RMC

Mort suspecte dans un EHPAD: "Ma mère avait le visage tuméfié, un énorme hématome à l'oeil"

En avril 2016, la mère de Maryanick, placée dans un EHPAD de Loire-Atlantique décède après un changement de traitement. Le personnel donne alors des versions contradictoires pour expliquer ce décès soudain. Aujourd'hui Maryanick réclame la vérité sur les raisons de la mort de sa mère.

Un décès soudain. Des versions contradictoires. Aujourd'hui Maryanick réclame la vérité sur les circonstances de la mort de sa mère. Placée en EHPAD (établissement d'hébergement pour personnes âgées) en 2013 à l'âge de 90 ans, la mère de Maryanick y est décédée le 14 avril 2016.

Le 13 avril, suite à un tassement de vertèbres qui la faisait souffrir depuis plusieurs semaines, le médecin de l’EHPAD décide de doubler la dose de codéine pour soulager sa douleur. Il avait demandé aux infirmières d’être tenu informé des effets secondaires au cours des 24 heures qui suivaient. Mais le soir même, pendant le repas, elle fait un malaise et s’effondre dans son assiette. Le personnel la raccompagne dans la chambre en fauteuil roulant et la laisse seule. Le lendemain, elle est décédée.

""Des résidents nous disent qu'ils l'ont entendu hurler"

Pour Maryanick et sa famille, c'est le choc: "Quand nous arrivons à l'EHPAD, elle est nue sur son lit, un chemisier sur elle, elle a le visage tuméfié, un énorme hématome à l'œil, une petite plaie à la tempe. On nous dit qu'elle a bien déjeuné le matin, mais nous sommes sceptiques. On nous donne des versions contradictoires, mensongères. Certains membres du personnel vont nous inviter à poser les bonnes questions parce que eux n'osent pas, ils ont peur de perdre leur emploi. Des résidents nous disent qu'ils l'ont entendu hurler une bonne partie de la nuit. Une résidente nous dit qu'il y a eu beaucoup de sang".

Depuis, pas d'explications: "Nous n'avons toujours rien, aucune nouvelle.
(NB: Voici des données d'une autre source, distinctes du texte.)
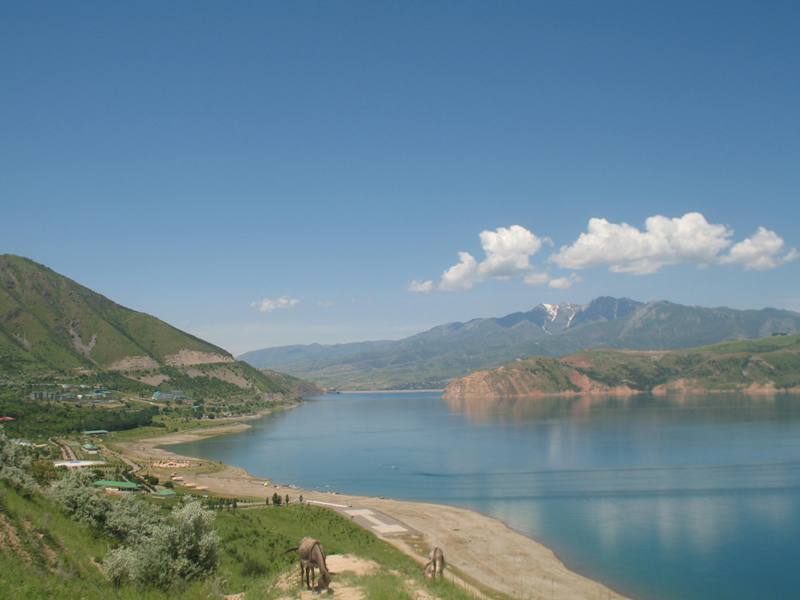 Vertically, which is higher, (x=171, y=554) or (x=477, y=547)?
(x=171, y=554)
J'ai reçu deux coups de téléphone anonymes d'une personne qui disait que sa mère était décédée dans le même EHPAD dans des circonstances troubles, puis une autre qui se disait être un membre du personnel qui voulait soulager sa conscience. On nous a dit qu'elle avait dû beaucoup souffrir, mais que par manque de personnel, ils ne pouvaient pas s'occuper formidablement bien des personnes", a aussi confié Maryanick au micro de RMC.

P.B.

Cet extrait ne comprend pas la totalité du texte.